After Mom died, I became Dad’s loyal companion. Together, we reminisced over family photos and shared many meals. Other times, we just sat quietly. Even when exhausted, I still went to see him. “No regrets,” I’d tell my husband on the day of Dad’s funeral.

I decided the memorial wreaths were too traditional. Instead, I chose gold roses, purple stock, and white Fuji spider mums, a dramatic and bold statement to honor my last living parent.

When Dad ordered the marker, he made sure it had a retractable vase so there would always be a place to leave Mom flowers.  He’d shuffle carefully from the parked car to her grave, balancing himself as he stepped onto the uneven patches of grass, all the while tightly grasping his package of roses. Arriving at last, he’d announce: “I’m here, darling.” He stood, hunched over, trying to compose himself, but couldn’t. Then he reached for the cloth hanky, always a constant in his pockets since I could remember, and wiped his tears away.

“Why did you leave me? I’m all alone now.” He cried those words out loud one day, and I thought I’d never recover from hearing them. All I could do was bite my lip hard as I wept silently beside him. I needed to comfort him while shrouding my own grief. I hope he knew, as we stood together in the quiet that I was with him.

Over time Dad’s visits to the cemetery left him inconsolable for days. The time between visits became longer to lessen Dad’s grief and pain. It was a delicate dance I had to learn all over again on every trip there.

My trips to the grave still aren’t without sadness. But now my parents rest together.

As another summer nears its end, there’s a slight breeze and the air is growing cooler every day. It’s almost sweater weather, but not quite.

Outside, my husband snips a single tiger lily from our garden. I had been checking on them for a few days now as they danced a delicate waltz against the back fence. I thought about Dad and that darned flower and knew I couldn’t waste a perfectly good bloom, especially today. It was, after all Mom’s birthday.

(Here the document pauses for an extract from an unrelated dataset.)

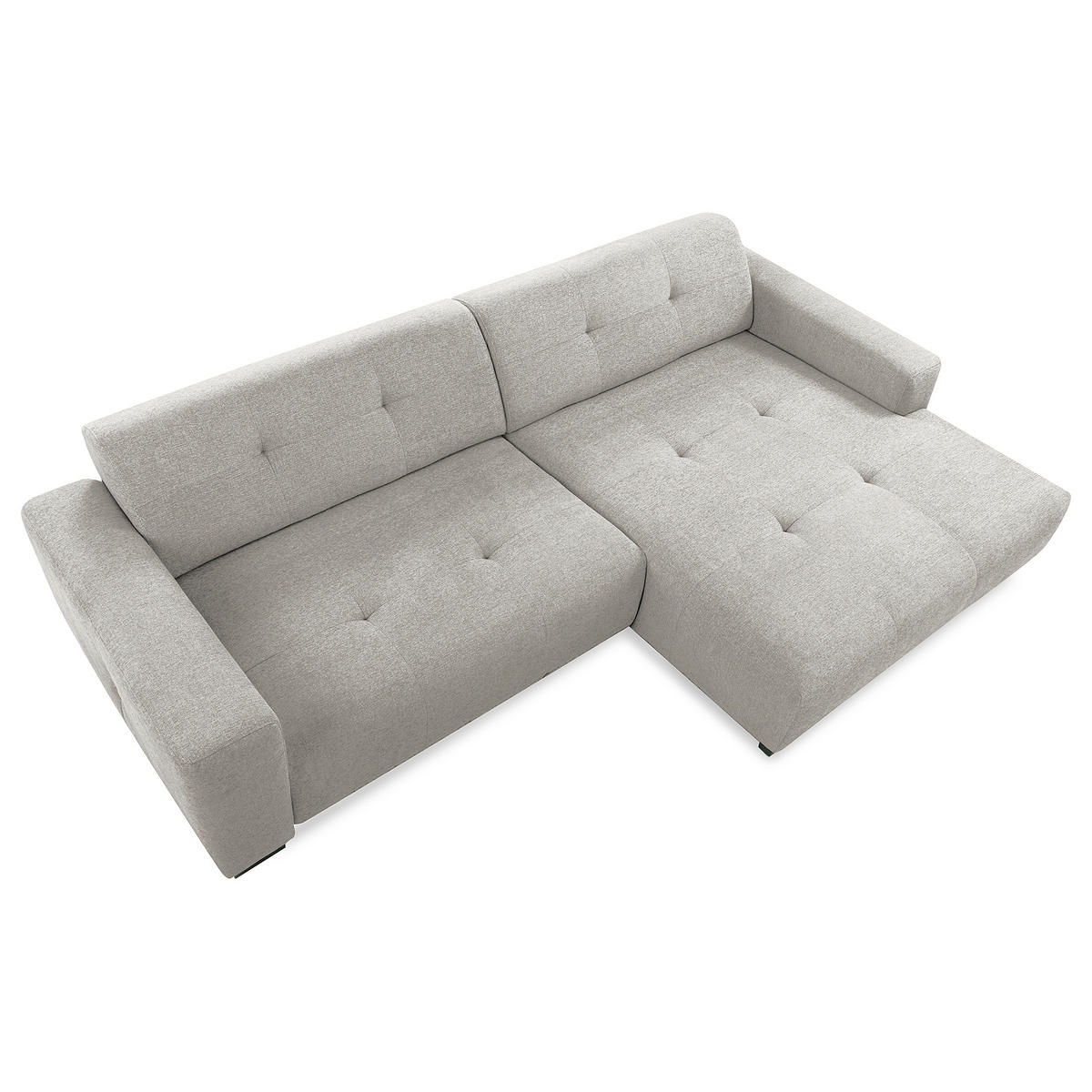 ECKSOFA AUSTIN Hellgrau Flachgewebe Sitztiefenverstellung  - Hellgrau/Schwarz, Design, Kunststoff/Textil (286/169cm) - Livetastic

This flower did not have the same line in its petals as with most lilies.  Instead, the orange freckles and coloring were somewhat faded. In hindsight, I should have picked it earlier. But that didn’t matter.

I held the orange beauty housed in a water tube all the way to the cemetery, careful not to squeeze too tightly in case I crushed the stalk. But wildflowers are hardy.

Unlike my father, I walked easily over the lumpy ground until I reached the spot. I pulled lightly on the stem to release the cutting and arranged it in the vase. I wouldn’t see the other two buds eventually open, but that was okay.

There’s a part of me I leave behind each time I’m there. After a prayer, I place my hands over their names. In an instant, my life with them comes flashing back in a thousand slices. My heart aches.

But the tinge of orange is comforting and I was putting a familiar flower to good use. He would have approved.

“Grab the stalk firmly and cut on an angle. Even those things have a place in the world.”

I could still see him, bent over those lilies, snipping away with precision, and surveying the results of his work.

2 Responses

  1. Jackie, your memories are indescribably touching. Thank you for honoring your parents in this beautiful manner. They are surely watching over you .

    God bless

  2. Thank you, Jackie, for writing about Tito Ricardo. Having grown not knowing much about my father’s brother because he had migrated before I was old enough to remember, it delights me knowing some beautiful and intimate stories about him that you write about. With these, I imagine a connection with him.